** Recorded data follows **

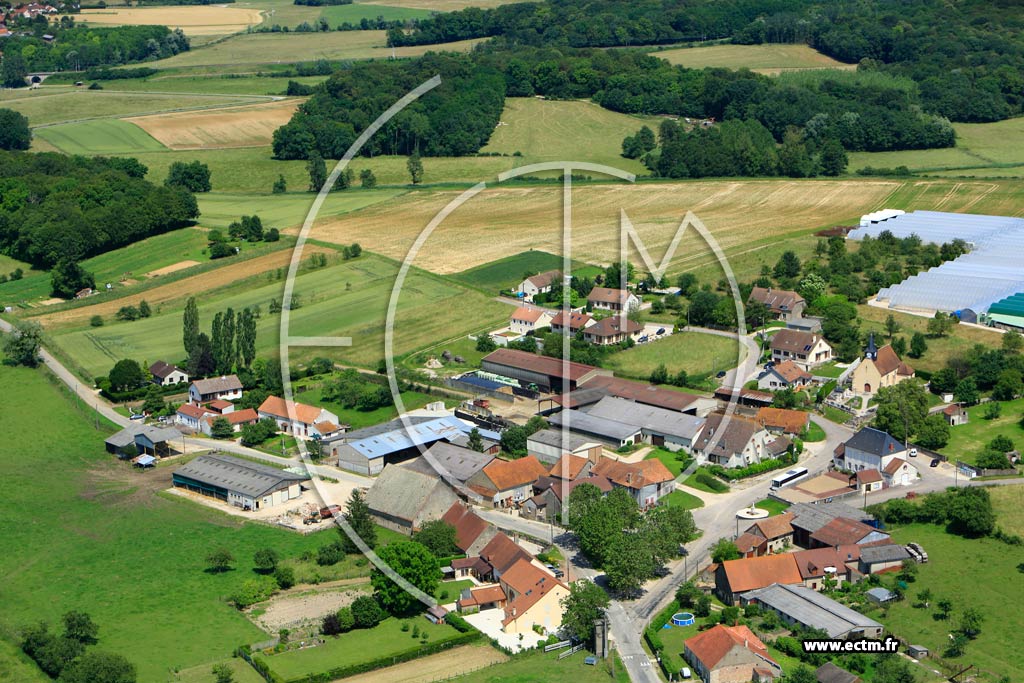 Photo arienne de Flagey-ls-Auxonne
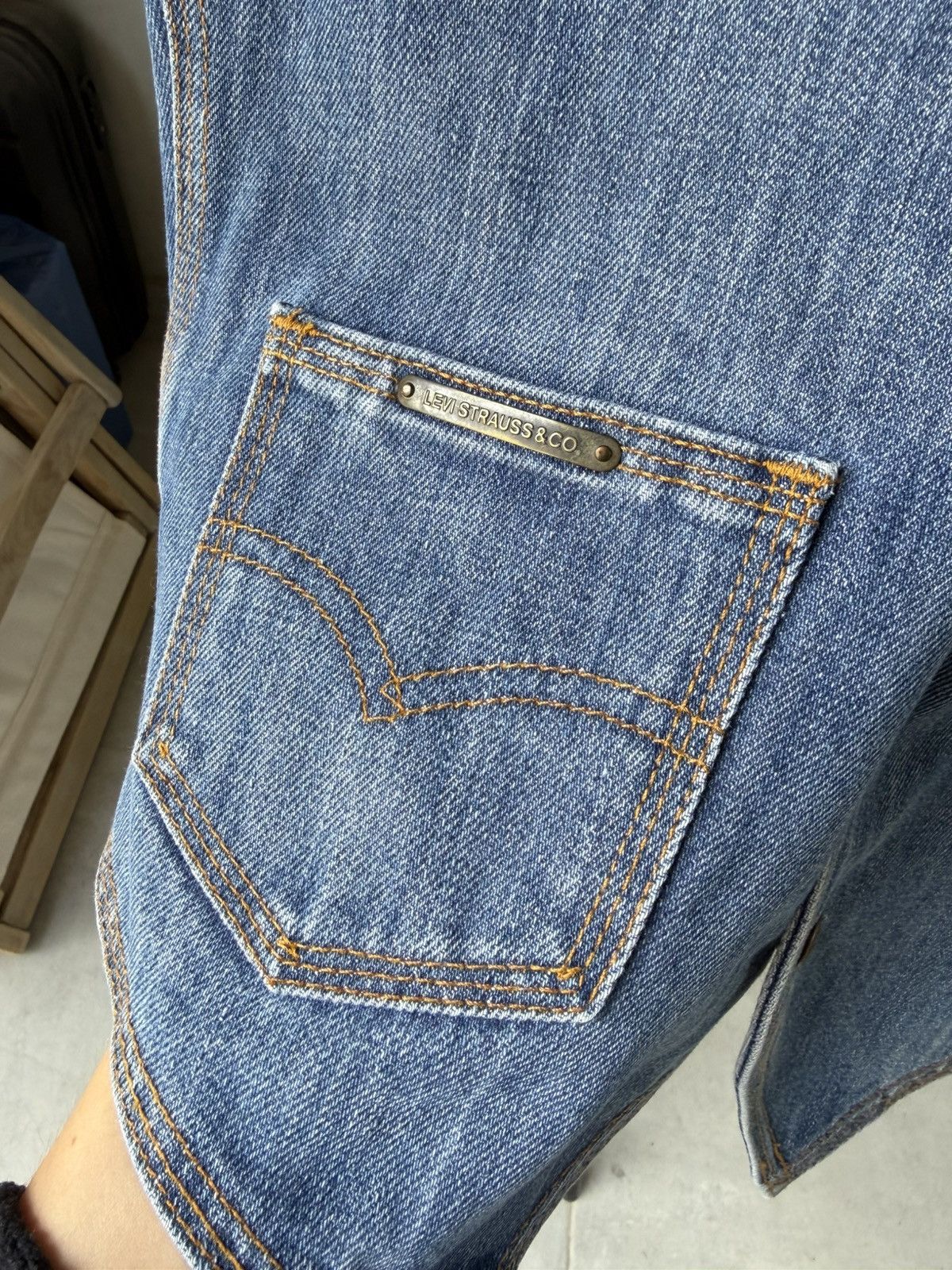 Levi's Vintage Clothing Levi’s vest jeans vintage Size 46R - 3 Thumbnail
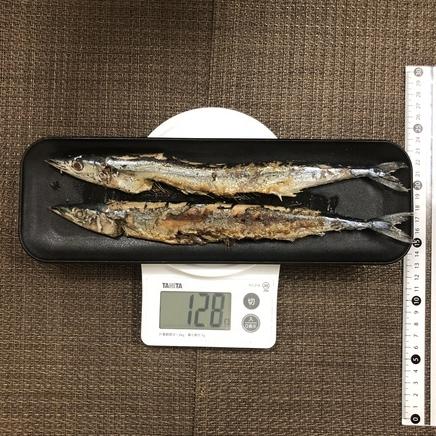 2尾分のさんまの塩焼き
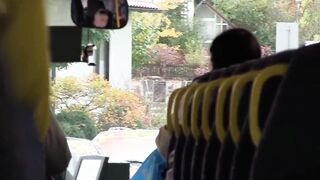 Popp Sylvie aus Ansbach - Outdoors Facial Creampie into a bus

** End of Recorded data **

- [Activity]: The line containing "2尾分のさんまの塩焼き" and every line after it, up to the last line of the data, should be returned exactly, without the pictures.

- [Task response]:
 2尾分のさんまの塩焼き
 Popp Sylvie aus Ansbach - Outdoors Facial Creampie into a bus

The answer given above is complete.